Baca juga: Gubernur Koster minta MKB petakan aset budaya di desa adat

Jika masih ada tulisan budaya di sejumlah media massa di Bali, namun Kadek melihat terkesan "dangkal" atau hanya menyampaikan sebatas informasi.

"Kami berharap ke depan ada sistem yang saling menguatkan sehingga para penulis menjadi tumbuh semangatnya untuk masuk pada sisi kedalaman dari 'event' (kegiatan) budaya yang tersaji," ujarnya.

Selain itu, dengan tulisan budaya yang lebih berkedalaman, media massa diharapkan menjadi agen kontrol agar kualitas kesenian bisa terjaga.

Sastrawan sekaligus pendiri Tatkala.co I Made Adnyana Ole mengatakan pentingnya peristiwa-peristiwa kebudayaan yang ditulis dengan ringan dan bisa masuk ke media massa.

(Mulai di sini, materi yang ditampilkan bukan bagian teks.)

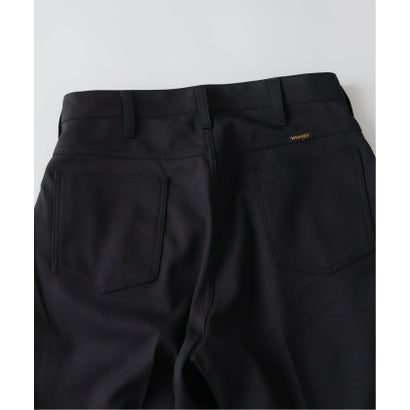 ジャーナルスタンダード レリューム JOURNAL STANDARD relume 《追加》Wrangler / ラングラー 別注 3タック ランチャー ドレススラックス（ベージュ）｜詳細画像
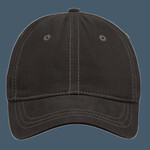 Thick Stitch Cap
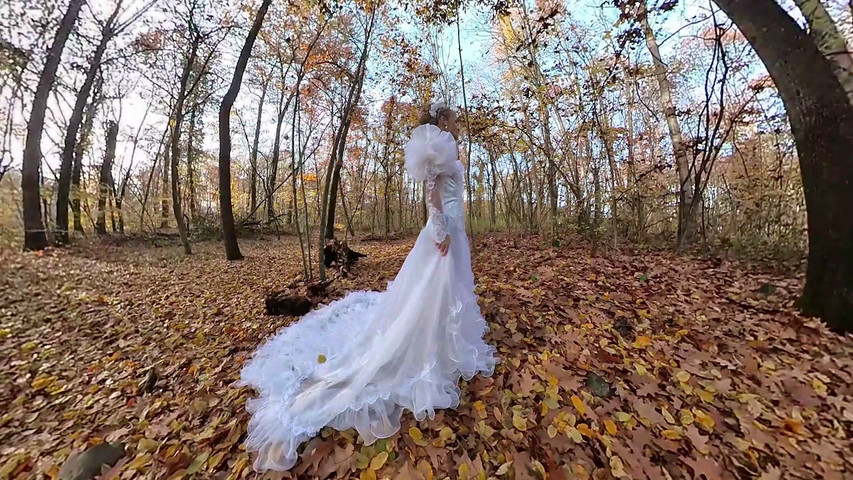 Sposa in autunno 3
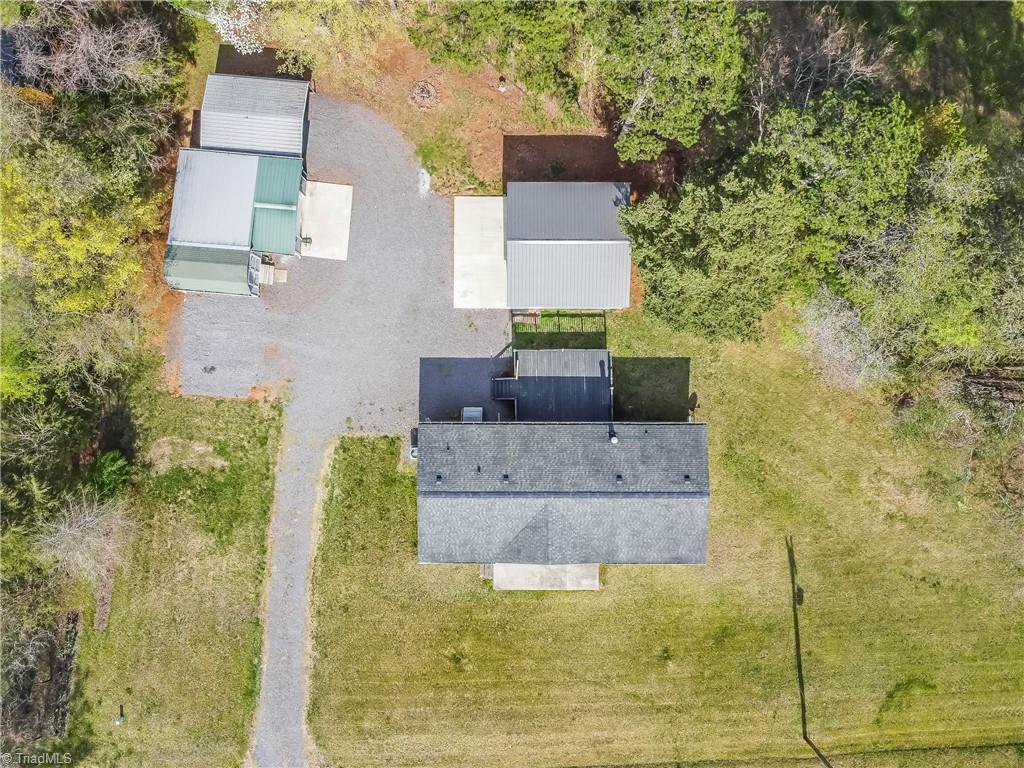 438 Pineville Road Mocksville, NC 27028 - Photo 19 of 21 Gallery Image 19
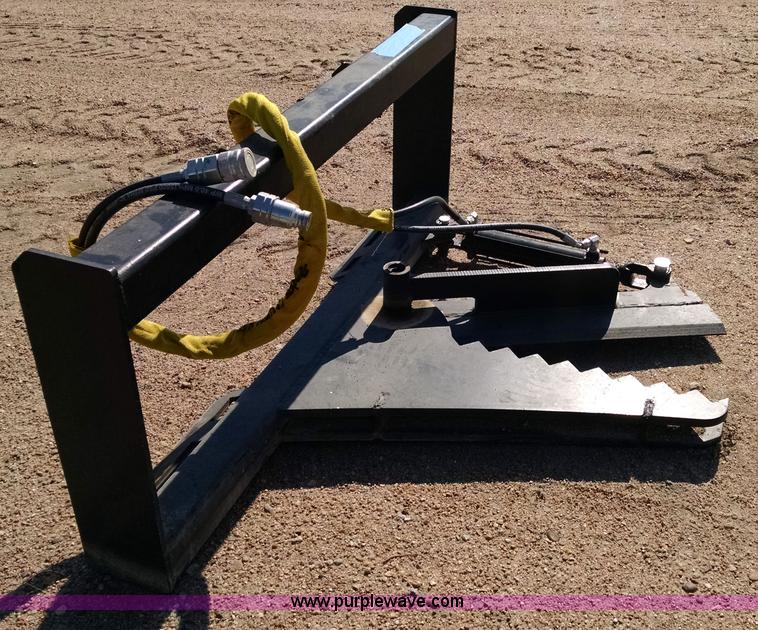 image for item D1275 Tree shear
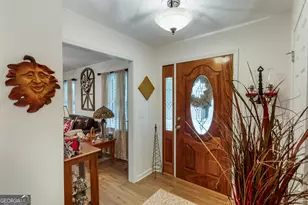 273 Sewell Rd, Bremen, GA 30110 - Photo 4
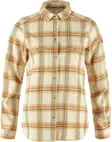 Fjällräven Övik Heavy Flannel W, skjorta - Fjällräven tröjor - 86999CWDB - 1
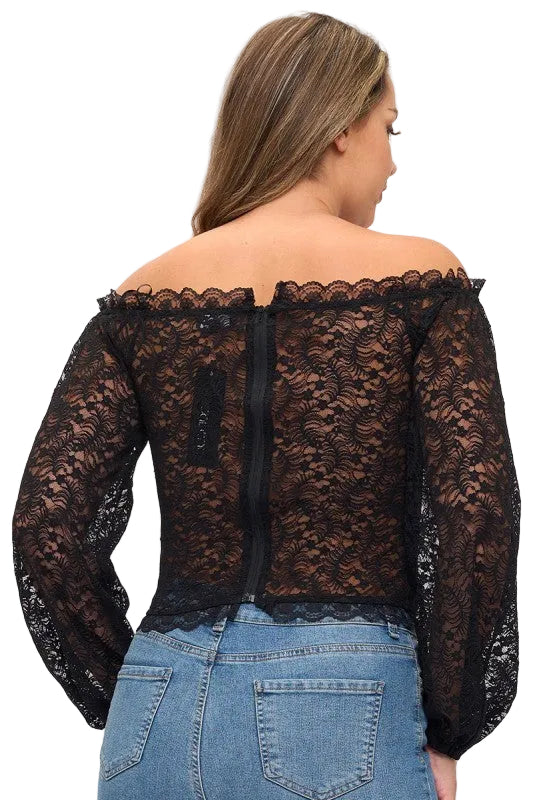 Lola Top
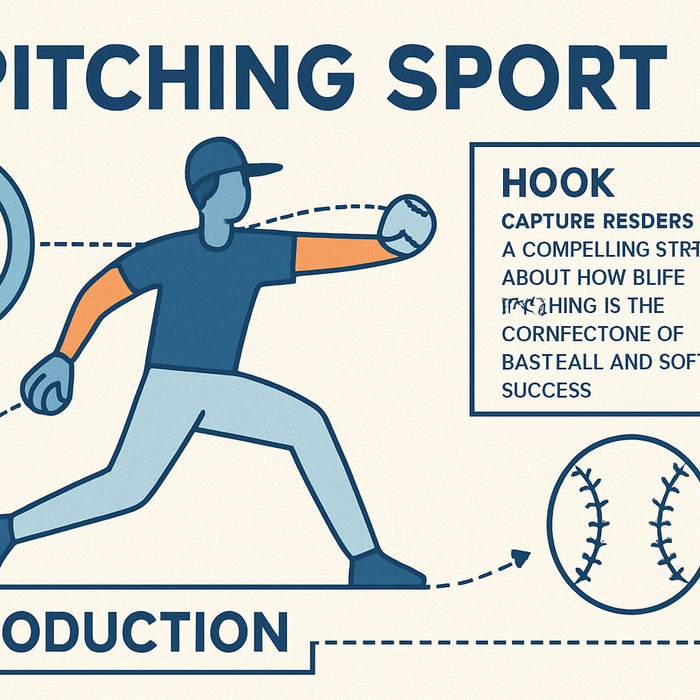 Pitching Sport Guide: Master Techniques and Strategies 2026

"Misalnya selama ini kita sibuk meratapi sepinya penonton teater, karena tak jarang masyarakat menganggap teater sebagai seni yang berat untuk dipahami," katanya.

Menurut dia, jika wartawan bisa menulis tulisan budaya secara populer dan mudah dimengerti, orang pun akan tertarik untuk menonton teater ataupun kegiatan budaya lainnya.

Baca juga: Pemkab Badung minta generasi muda rawat adat dan seni budaya

Senada dengan Kadek Wahyudita, ia menyoroti tulisan-tulisan media massa saat ini sekadar menginformasikan bahwa tengah berlangsung ajang budaya tertentu.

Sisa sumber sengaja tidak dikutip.